The out-of-sample prediction error of the square-root-LASSO and related estimators
Joint with José Luis Montiel Olea , Cynthia Rush, and Johannes Wiesel
Abstract: We study the classical problem of predicting an outcome variable, $Y$, using a linear combination of a $d$-dimensional covariate vector, $\mathbf{X}$. We are interested in linear predictors whose coefficients solve: \begin{align*} \inf_{\boldsymbol{\beta} \in \mathbb{R}^d} \left( \mathbb{E}_{\mathbb{P}_n} \left[ \left|Y-\mathbf{X}^{\top}\beta \right|^r \right] \right)^{1/r} +\delta , \rho\left(\boldsymbol{\beta}\right), \end{align*} where $\delta>0$ is a regularization parameter, $\rho:\mathbb{R}^d\to \mathbb{R}_+$ is a convex penalty function, $\mathbb{P}_n$ is the empirical distribution of the data, and $r\geq 1$. Our main contribution is a new bound on the out-of-sample prediction error of such estimators.
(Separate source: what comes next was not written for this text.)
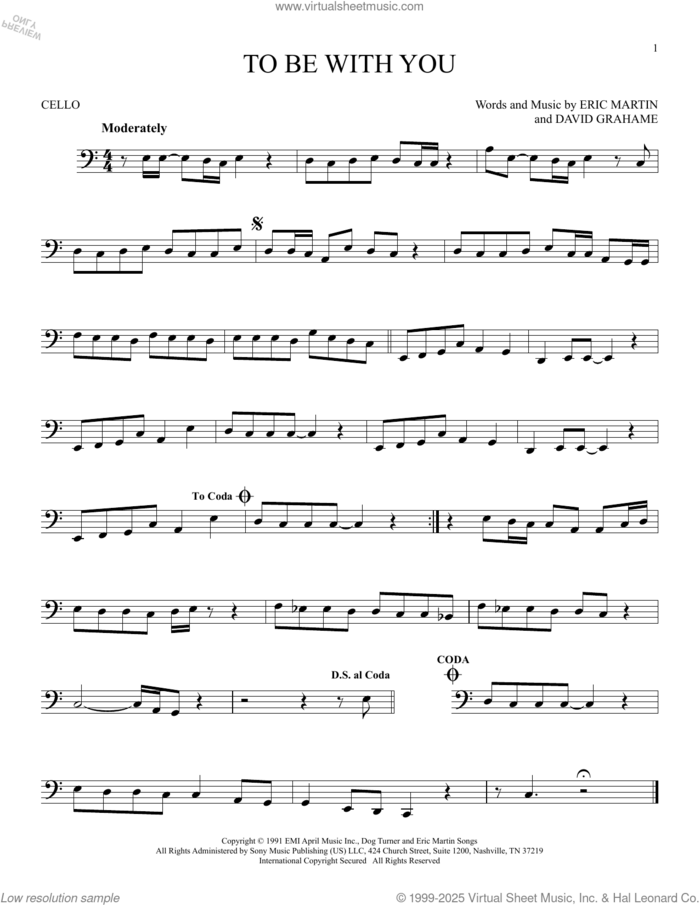 To Be With You sheet music for cello solo by Mr. Big, David Grahame and Eric Martin, intermediate skill level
The new bound is obtained by combining three new sets of results. First, we provide conditions under which linear predictors based on these estimators solve a distributionally robust optimization problem: they minimize the worst-case prediction error over distributions that are close to each other in a type of max-sliced Wasserstein metric. Second, we provide a detailed finite-sample and asymptotic analysis of the statistical properties of the balls of distributions over which the worst-case prediction error is analyzed. Third, we present an oracle recommendation for the choice of regularization parameter, $\delta$, that guarantees good out-of-sample prediction error.